WORKING DATA:
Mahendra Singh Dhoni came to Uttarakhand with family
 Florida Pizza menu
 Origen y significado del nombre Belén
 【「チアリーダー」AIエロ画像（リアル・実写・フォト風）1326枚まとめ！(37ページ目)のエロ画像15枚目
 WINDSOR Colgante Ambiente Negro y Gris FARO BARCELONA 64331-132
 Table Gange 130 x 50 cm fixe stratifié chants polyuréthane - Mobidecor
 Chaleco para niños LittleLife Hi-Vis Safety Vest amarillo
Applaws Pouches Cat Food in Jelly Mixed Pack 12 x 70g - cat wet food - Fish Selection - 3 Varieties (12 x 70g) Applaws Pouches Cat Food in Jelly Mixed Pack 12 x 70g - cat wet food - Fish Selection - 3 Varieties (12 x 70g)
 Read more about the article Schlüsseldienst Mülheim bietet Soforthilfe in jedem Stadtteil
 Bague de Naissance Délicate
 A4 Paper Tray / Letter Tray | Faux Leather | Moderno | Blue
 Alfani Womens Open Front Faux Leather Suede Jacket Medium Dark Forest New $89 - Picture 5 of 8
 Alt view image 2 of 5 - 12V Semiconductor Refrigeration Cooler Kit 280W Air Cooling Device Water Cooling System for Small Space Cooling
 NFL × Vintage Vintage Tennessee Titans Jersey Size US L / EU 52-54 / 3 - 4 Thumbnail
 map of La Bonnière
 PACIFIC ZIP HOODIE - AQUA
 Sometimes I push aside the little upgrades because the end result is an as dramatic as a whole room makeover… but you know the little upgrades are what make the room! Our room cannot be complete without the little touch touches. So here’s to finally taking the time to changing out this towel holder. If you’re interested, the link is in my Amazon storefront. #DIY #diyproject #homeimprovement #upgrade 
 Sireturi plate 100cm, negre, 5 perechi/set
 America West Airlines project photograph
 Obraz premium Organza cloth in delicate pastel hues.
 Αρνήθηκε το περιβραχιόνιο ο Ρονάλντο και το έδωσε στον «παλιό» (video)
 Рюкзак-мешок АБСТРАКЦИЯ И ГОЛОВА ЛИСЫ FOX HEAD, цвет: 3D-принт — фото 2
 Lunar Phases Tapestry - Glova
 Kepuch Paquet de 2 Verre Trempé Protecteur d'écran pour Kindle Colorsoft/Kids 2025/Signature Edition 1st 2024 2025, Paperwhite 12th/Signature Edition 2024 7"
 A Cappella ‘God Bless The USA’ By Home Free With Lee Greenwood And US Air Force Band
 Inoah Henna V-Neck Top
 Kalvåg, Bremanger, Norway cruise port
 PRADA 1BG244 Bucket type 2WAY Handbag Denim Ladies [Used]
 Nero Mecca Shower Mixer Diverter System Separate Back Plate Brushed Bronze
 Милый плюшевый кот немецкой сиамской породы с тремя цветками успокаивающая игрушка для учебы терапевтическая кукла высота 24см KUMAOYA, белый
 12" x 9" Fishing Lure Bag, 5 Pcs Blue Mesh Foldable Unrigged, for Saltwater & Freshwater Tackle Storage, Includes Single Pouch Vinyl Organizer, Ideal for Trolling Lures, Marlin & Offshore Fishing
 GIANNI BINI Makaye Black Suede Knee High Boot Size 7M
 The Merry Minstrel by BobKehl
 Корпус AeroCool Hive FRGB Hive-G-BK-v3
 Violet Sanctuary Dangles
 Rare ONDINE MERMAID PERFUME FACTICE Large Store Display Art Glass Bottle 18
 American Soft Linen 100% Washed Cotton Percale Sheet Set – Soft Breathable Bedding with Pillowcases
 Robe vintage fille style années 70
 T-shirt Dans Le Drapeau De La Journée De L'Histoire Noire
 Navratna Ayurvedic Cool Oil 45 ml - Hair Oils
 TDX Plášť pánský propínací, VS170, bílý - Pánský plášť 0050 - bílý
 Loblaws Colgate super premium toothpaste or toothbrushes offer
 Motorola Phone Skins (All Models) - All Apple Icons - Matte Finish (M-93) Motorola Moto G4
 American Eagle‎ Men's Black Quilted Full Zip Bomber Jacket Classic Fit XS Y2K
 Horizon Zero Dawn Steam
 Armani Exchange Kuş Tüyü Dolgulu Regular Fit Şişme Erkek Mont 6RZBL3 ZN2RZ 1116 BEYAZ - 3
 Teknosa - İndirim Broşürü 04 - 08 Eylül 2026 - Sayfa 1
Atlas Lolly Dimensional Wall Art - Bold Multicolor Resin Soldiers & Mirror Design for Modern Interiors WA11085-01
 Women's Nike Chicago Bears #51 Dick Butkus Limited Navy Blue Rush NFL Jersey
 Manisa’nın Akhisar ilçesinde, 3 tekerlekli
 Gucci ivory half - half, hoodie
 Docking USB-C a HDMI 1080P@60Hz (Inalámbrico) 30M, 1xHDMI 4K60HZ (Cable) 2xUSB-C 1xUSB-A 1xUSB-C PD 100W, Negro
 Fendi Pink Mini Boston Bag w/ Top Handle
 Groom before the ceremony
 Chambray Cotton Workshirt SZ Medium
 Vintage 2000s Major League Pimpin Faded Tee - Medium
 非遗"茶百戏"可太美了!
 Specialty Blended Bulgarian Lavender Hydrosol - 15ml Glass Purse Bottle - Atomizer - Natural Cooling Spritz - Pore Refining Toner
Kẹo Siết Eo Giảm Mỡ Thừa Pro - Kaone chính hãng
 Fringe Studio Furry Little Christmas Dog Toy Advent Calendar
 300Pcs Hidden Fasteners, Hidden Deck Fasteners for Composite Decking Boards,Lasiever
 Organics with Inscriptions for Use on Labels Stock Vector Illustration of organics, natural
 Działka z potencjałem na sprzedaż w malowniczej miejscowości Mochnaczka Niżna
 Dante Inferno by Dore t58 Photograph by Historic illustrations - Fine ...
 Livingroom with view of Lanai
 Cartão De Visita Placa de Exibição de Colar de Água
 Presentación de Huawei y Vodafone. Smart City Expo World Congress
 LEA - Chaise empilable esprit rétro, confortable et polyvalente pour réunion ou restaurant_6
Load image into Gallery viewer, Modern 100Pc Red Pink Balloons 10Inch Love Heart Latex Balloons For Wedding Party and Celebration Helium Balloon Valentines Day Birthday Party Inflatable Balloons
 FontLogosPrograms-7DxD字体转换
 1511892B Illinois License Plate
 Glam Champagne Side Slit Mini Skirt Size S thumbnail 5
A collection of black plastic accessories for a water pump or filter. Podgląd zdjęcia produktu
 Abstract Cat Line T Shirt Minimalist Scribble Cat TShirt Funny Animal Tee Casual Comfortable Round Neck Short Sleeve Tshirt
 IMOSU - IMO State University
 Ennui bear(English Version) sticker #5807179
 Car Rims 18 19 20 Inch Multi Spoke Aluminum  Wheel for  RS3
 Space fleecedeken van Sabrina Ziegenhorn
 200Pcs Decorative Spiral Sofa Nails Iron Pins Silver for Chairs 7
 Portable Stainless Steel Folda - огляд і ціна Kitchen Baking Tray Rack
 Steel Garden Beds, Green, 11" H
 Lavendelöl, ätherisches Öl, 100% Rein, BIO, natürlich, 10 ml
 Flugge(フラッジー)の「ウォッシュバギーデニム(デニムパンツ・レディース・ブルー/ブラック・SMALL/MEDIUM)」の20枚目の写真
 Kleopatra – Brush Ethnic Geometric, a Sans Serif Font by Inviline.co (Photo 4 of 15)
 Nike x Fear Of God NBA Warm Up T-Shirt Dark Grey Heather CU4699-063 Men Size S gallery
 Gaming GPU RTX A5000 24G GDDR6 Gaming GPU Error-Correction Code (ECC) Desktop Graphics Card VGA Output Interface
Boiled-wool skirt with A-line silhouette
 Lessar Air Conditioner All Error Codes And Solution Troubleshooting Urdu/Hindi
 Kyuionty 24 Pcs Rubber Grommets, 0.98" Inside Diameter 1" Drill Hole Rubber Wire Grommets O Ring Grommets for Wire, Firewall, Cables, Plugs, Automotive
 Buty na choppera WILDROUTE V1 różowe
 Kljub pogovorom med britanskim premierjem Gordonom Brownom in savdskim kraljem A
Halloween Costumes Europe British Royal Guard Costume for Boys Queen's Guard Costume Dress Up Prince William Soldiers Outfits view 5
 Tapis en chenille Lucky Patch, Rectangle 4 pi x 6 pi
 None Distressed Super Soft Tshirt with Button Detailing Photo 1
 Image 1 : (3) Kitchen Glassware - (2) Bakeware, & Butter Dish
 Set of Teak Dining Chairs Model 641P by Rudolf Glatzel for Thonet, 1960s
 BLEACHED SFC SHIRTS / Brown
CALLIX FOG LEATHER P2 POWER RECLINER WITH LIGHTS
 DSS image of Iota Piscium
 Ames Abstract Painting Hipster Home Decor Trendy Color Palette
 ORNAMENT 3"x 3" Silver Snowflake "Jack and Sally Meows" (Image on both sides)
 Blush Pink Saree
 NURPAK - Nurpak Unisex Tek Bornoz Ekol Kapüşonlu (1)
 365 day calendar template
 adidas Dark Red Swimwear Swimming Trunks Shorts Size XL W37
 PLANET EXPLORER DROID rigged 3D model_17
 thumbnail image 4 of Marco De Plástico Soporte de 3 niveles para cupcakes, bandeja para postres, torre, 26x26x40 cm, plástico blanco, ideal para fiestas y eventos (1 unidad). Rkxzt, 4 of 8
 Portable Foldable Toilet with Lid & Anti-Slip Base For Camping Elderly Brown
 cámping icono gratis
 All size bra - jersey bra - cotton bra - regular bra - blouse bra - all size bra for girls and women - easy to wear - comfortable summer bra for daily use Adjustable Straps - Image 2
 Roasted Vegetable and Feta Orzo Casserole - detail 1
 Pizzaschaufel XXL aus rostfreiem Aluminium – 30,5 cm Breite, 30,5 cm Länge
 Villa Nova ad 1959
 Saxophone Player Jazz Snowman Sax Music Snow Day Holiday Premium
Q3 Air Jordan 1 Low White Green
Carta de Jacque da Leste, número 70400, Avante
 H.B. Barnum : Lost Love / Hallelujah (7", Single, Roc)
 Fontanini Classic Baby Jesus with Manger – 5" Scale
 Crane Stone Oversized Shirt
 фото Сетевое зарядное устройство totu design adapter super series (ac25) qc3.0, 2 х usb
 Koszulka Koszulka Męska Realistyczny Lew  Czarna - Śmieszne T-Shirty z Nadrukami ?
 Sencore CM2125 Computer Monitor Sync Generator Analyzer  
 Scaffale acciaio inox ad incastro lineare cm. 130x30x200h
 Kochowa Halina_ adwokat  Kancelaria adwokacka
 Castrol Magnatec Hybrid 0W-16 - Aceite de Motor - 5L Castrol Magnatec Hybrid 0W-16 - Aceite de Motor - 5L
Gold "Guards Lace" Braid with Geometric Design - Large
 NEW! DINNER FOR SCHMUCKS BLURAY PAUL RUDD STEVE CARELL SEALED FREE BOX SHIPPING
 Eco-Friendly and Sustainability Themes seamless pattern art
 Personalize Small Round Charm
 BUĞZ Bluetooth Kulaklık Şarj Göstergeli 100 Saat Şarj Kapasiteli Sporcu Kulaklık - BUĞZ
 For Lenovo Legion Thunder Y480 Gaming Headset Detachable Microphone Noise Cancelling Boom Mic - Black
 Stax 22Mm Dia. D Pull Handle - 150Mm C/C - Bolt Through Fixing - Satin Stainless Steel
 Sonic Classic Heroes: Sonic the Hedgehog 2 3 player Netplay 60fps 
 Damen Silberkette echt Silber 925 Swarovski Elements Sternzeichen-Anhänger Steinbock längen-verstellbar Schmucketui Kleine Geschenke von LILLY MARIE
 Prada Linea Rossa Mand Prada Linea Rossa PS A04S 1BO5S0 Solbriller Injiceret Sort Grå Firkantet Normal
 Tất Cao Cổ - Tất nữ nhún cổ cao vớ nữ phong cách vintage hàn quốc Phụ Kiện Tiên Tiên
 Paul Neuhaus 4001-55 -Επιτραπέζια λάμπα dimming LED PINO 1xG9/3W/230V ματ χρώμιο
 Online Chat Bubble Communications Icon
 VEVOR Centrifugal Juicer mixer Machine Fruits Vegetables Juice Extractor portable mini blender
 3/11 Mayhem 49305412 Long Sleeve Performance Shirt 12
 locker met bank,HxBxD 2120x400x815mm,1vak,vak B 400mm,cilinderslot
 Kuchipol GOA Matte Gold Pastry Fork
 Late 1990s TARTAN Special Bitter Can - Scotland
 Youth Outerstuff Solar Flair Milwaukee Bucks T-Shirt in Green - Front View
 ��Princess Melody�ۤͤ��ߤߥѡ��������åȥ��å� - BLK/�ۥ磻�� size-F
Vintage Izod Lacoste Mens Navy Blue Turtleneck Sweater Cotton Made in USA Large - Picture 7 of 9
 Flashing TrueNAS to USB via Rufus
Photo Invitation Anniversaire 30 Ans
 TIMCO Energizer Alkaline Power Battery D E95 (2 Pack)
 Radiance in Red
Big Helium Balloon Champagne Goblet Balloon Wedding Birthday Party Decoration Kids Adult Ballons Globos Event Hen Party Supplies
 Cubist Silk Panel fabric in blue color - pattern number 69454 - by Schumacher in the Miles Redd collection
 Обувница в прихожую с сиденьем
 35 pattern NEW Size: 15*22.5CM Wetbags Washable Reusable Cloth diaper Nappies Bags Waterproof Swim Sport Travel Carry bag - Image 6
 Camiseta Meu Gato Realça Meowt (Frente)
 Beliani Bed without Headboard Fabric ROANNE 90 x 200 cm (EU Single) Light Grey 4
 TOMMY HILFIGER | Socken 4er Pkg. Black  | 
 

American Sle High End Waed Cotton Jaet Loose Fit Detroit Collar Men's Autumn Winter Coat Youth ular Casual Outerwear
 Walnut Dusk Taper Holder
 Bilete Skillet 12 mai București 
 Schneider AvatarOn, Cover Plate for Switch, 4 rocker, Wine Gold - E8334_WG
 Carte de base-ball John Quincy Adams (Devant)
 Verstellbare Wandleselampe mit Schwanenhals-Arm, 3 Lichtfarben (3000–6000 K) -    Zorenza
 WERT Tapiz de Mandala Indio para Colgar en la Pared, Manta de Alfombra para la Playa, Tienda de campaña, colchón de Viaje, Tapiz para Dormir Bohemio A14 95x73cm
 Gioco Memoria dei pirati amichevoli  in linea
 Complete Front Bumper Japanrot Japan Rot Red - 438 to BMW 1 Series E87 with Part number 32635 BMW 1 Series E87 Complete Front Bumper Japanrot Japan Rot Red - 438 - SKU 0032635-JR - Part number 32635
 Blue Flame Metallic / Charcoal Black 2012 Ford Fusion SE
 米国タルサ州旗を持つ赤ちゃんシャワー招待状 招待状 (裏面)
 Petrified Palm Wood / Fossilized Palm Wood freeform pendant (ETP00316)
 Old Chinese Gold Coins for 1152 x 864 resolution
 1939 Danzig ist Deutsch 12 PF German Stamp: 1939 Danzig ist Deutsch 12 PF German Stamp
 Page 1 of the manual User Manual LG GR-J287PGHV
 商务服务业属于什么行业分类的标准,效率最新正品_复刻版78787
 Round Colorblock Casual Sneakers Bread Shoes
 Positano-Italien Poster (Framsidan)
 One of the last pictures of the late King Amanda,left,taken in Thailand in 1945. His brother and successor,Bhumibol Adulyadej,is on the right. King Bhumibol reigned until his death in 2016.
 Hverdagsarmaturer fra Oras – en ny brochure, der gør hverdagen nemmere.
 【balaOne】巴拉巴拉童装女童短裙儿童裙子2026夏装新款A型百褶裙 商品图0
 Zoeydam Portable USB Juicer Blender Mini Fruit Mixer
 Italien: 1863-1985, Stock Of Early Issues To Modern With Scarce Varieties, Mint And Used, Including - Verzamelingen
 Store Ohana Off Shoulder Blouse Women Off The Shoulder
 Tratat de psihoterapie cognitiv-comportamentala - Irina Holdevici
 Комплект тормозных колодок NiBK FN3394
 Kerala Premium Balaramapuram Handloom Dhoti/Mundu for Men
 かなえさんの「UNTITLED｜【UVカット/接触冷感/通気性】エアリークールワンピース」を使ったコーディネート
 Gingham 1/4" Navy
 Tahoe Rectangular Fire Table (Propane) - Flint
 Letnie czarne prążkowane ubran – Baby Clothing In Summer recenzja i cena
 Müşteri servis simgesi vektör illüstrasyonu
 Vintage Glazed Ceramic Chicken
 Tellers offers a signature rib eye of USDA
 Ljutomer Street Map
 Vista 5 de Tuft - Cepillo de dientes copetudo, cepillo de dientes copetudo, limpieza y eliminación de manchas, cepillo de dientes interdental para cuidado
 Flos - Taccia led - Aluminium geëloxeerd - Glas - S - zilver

TASK: Retype only this portion of the data above: the line containing "Paul Neuhaus 4001-55", the line containing "Photo Invitation Anniversaire 30 Ans", and all lines between them, exactly.

EXPECTED ANSWER:
 Paul Neuhaus 4001-55 -Επιτραπέζια λάμπα dimming LED PINO 1xG9/3W/230V ματ χρώμιο
 Online Chat Bubble Communications Icon
 VEVOR Centrifugal Juicer mixer Machine Fruits Vegetables Juice Extractor portable mini blender
 3/11 Mayhem 49305412 Long Sleeve Performance Shirt 12
 locker met bank,HxBxD 2120x400x815mm,1vak,vak B 400mm,cilinderslot
 Kuchipol GOA Matte Gold Pastry Fork
 Late 1990s TARTAN Special Bitter Can - Scotland
 Youth Outerstuff Solar Flair Milwaukee Bucks T-Shirt in Green - Front View
 ��Princess Melody�ۤͤ��ߤߥѡ��������åȥ��å� - BLK/�ۥ磻�� size-F
Vintage Izod Lacoste Mens Navy Blue Turtleneck Sweater Cotton Made in USA Large - Picture 7 of 9
 Flashing TrueNAS to USB via Rufus
Photo Invitation Anniversaire 30 Ans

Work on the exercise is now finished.